Complaining about the prices of textbooks in a school’s bookstore is like saying the university’s food isn’t as good as your mom’s. It’s a problem so obvious that it’s now simply standard for any college. Of course, it’s not as if UR’s bookstore prices are just blatant highway robbery — the store does what it has to make profits against a tough business model. “The Bookstore has a mission to stock every book that is requested for courses,”Maria Ferrante, the bookstore manager said, “including obscure foreign language titles or custom books. Online retailers are able to pick and choose what they order based on the pricing they can get—We also give a percentage of each transaction back to the school.”

 The bookstore does at least offer some shortcuts — used books can be a bargain, and select digital textbooks can be up to 50 percent cheaper than the cost of a physical textbook — and students trying to control their budget are probably well-versed in scouting elsewhere for cheaper books anyway. But it still takes great effort for a student to make his or her textbook costs less than devastating. What could really help curb this common issue is a greater effort from the bookstore to increase digital textbook inventory, and a greater effort from professors to cut textbook requirements to the essentials.

 Many textbooks are centerpieces for a course’s curriculum — so there’s not much to be done about a math textbook that will be used all year or a novel that must be read in its entirety. But what about books that will have spottier uses, such as books with only several relevant passages or big anthologies of essays, poems or short stories? Making texts freely available to students only skirts tricky issues of copyright infringement, but it is of course very common for professors to put a myriad of important essays and excerpts on Blackboard for students to access. Even providing Internet links where these texts are already available would be just as helpful.
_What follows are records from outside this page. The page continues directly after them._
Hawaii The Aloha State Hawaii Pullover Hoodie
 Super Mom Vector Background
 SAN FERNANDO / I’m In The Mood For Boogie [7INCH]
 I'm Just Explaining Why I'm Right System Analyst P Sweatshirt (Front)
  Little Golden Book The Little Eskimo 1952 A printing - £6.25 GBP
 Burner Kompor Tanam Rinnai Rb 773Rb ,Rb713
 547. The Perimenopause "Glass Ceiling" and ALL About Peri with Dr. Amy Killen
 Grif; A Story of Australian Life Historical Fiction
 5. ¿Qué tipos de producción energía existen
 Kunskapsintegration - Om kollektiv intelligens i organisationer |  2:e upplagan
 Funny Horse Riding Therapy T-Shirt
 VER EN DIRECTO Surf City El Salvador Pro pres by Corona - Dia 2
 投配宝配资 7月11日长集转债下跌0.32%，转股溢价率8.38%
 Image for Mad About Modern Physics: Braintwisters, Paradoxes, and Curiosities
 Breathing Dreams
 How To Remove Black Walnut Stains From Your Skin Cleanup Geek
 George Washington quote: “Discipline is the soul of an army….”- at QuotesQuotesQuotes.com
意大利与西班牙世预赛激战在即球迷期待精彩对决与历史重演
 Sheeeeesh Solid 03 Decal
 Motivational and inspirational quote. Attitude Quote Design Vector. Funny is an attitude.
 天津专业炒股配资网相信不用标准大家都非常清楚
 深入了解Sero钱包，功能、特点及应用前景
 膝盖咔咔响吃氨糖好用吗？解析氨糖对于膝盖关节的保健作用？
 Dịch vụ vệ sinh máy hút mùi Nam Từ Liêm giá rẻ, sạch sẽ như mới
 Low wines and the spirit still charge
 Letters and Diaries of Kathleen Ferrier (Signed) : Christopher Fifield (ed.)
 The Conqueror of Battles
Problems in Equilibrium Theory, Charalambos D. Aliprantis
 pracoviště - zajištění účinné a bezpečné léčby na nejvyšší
 Meanwhile, digital textbooks could revolutionize the headache of textbook hunting and gathering. This year, the Bookstore had about 130 digital textbooks available — a nice start, but definitely nothing to settle on. As much as we at the Campus Times advocate print media, digital textbooks are a great path to follow — they would save tremendous amounts of money and space.

 If these two suggestions are followed through over the next few years, college textbooks could finally lose their long-accepted status as a large investment.